Savas, M, Wester, VL, Visser, JA, Kleinendorst, L, van der Zwaag, B, van Haelst, MM, van den Akker, ELT, van Rossum, EFC
Obesity facts. 2019;(4):369-384
Abstract
BACKGROUND Obesity has been associated with miscellaneous weight-inducing determinants. A comprehensive assessment of known obesity-related factors other than diet and physical activity within one cohort is currently lacking. OBJECTIVES To assess the prevalence of potential contributors to obesity and self-reported triggers for marked weight gain in an adult population with obesity and between obesity classes. METHODS In this observational cohort study, we assessed 408 persons with obesity (aged 41.3 ± 14.2 years, BMI 40.5 ± 6.2) visiting our obesity clinic. They were evaluated for use of weight-inducing drugs, hormonal abnormalities, menarcheal age, (high) birth weight, sleep deprivation, and obstructive sleep apnea syndrome (OSAS). We additionally assessed self-reported triggers for marked weight gain and performed genetic testing in patients suspected of genetic obesity. RESULTS Nearly half of the patients were using a potentially weight-inducing drug, which was also the most reported trigger for marked weight gain. For the assessed hormonal conditions, a relatively high prevalence was found for hypothyroidism (14.1%), polycystic ovary syndrome (12.0%), and male hypogonadism (41.7%). A relatively low average menarcheal age (12.6 ± 1.8 years) was reported, whereas there was a high prevalence of a high birth weight (19.5%). Sleep deprivation and OSAS were reported in, respectively, 14.5 and 13.7% of the examined patients. Obesity class appeared to have no influence on the majority of the assessed factors.
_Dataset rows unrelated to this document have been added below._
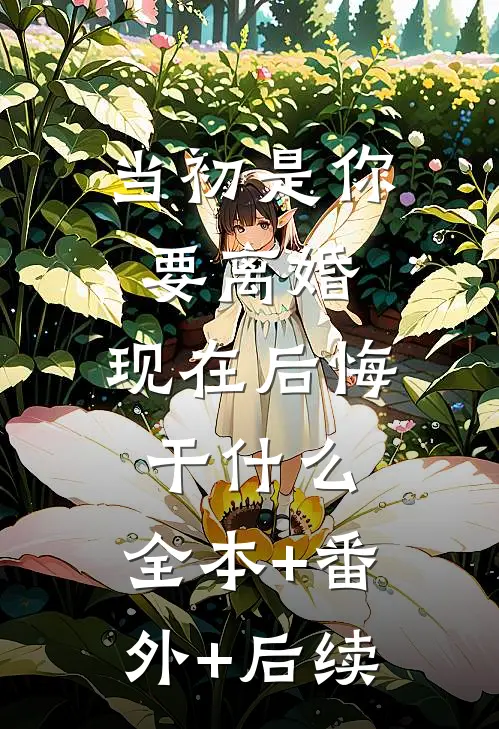 当初是你要离婚，现在后悔干什么:全本+番外+后续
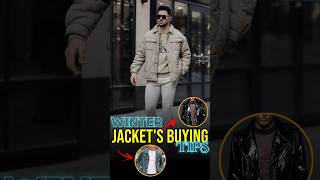 Winter Jacket buying tips 2024  Mens Jacket Buying Guide jacket mensfashion [upl. by Rickey51]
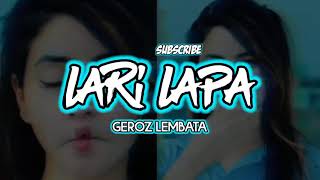 Download lagu Lagu Terbaru 2021  Judul Lari Lapa Lari mp3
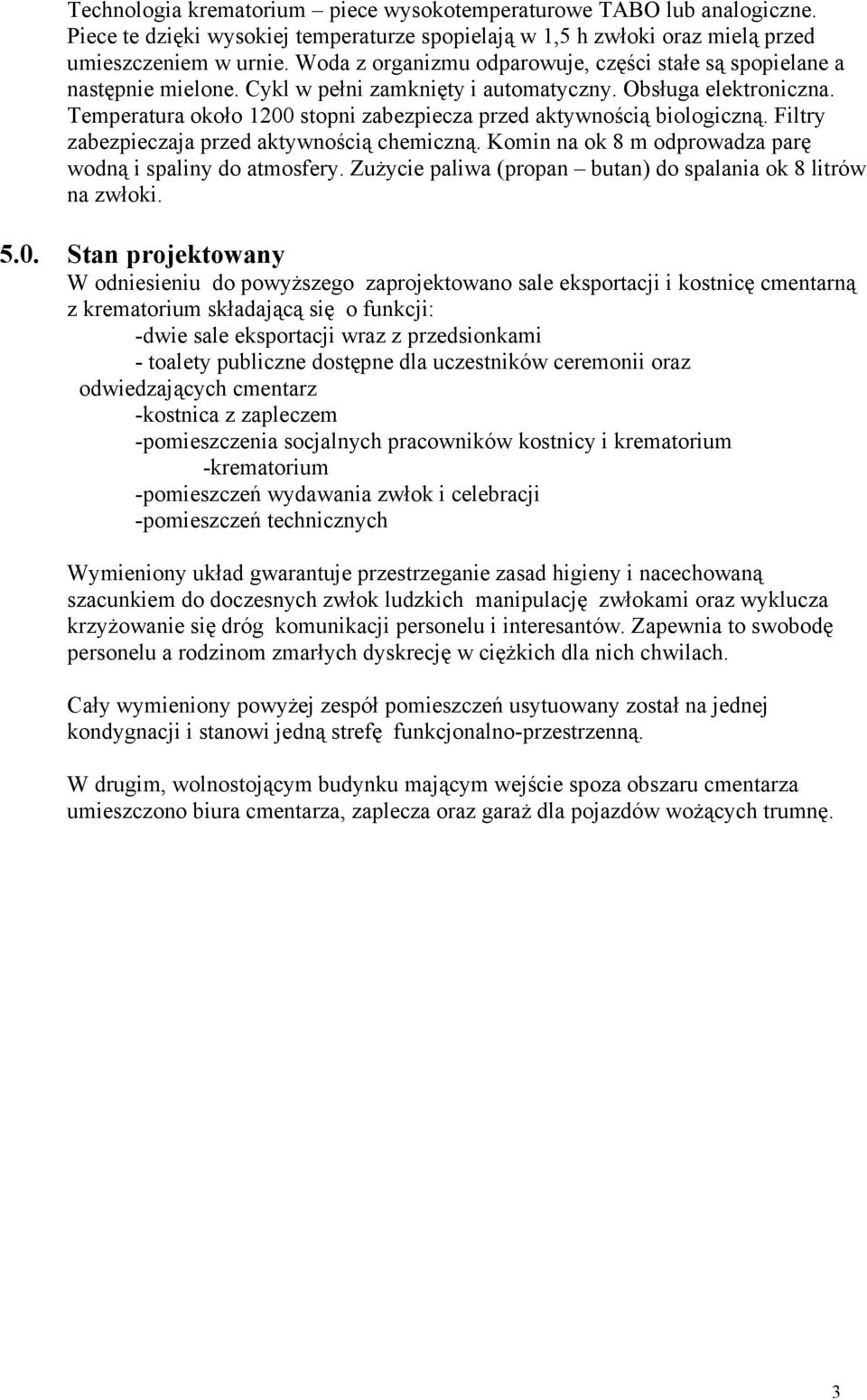 Temperatura około 1200 stopni zabezpiecza przed aktywnością biologiczną. Filtry zabezpieczaja przed aktywnością chemiczną. Komin na ok 8 m odprowadza parę wodną i spaliny do atmosfery.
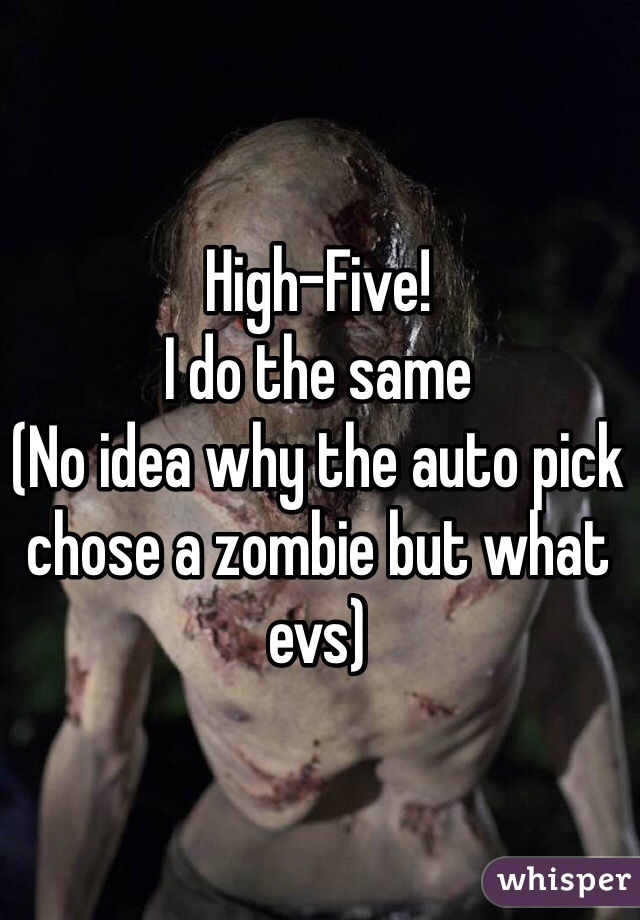 High-Five!
I do the same
(No idea why the auto pick chose a zombie but what evs)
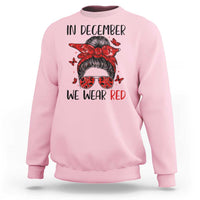 In December We Wear Red Sweatshirt HIV Awareness Empowered Woman Gift - Wonder Print Shop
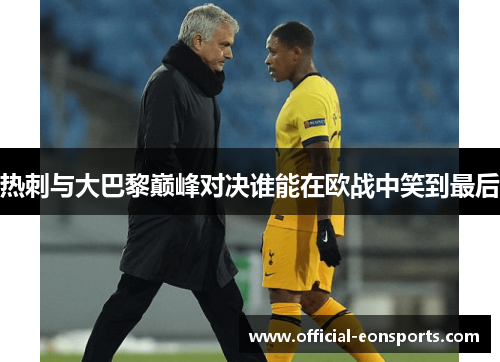 热刺与大巴黎巅峰对决谁能在欧战中笑到最后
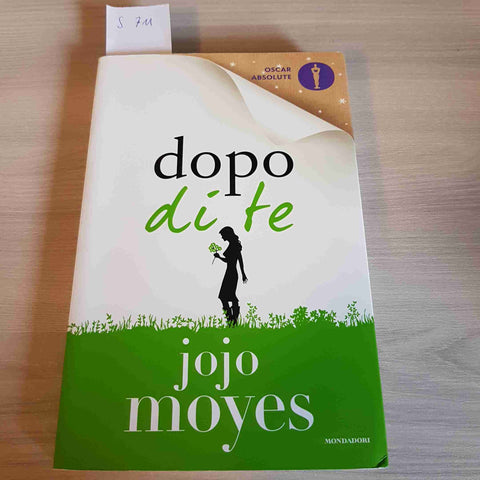 DOPO DI TE - JOJO MOYES - MONDADORI - 2018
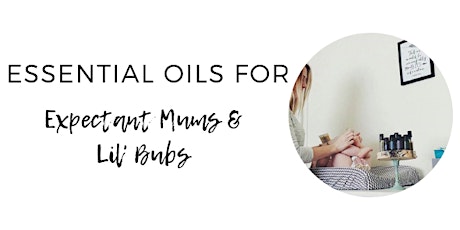 Essential Oils For Expectant Mums & Lil' Bubs primary image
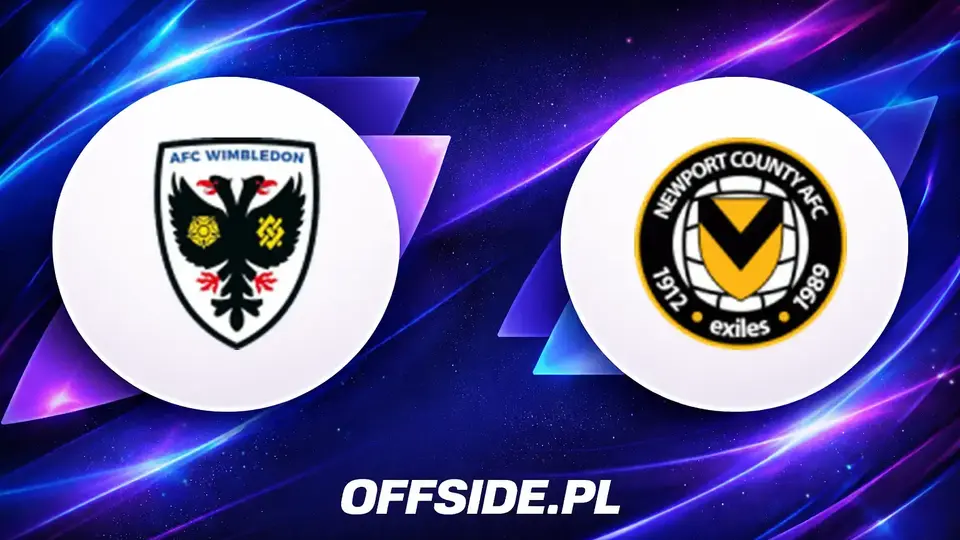 Znamy składy na mecz AFC Wimbledon z Newport County!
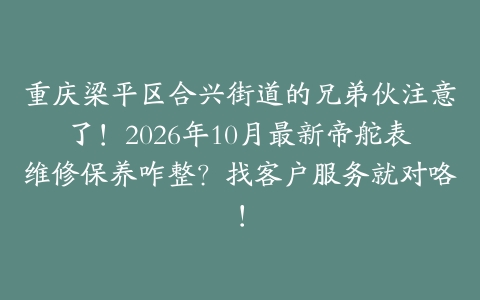 重庆梁平区合兴街道的兄弟伙注意了！2026年10月最新帝舵表维修保养咋整？找客户服务就对咯！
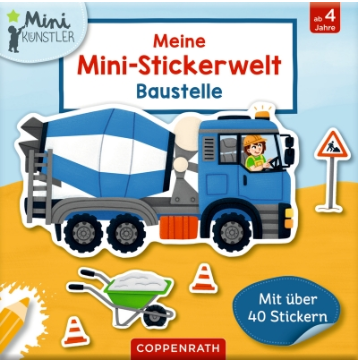 Coppenrath Verlag Meine Mini-Stickerwelt - Baustelle (Mini-Künstler)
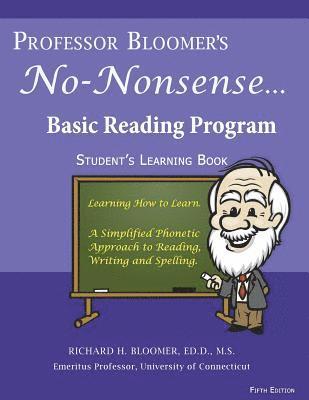Professor Bloomer's No-Nonsense Basic Reading Program: Student's Learning Book 1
Of the genetically analyzed patients, a definitive genetic diagnosis was made in 3 patients (1.9%). CONCLUSIONS A thorough evaluation of patients with obesity yields a relatively high prevalence of various potentially weight-inducing factors. Diagnostic screening of patients with obesity could therefore benefit these patients by potentially reducing the social stigma and improving the outcomes of obesity treatment programs by tackling, where possible, the weight-inducing factors in advance.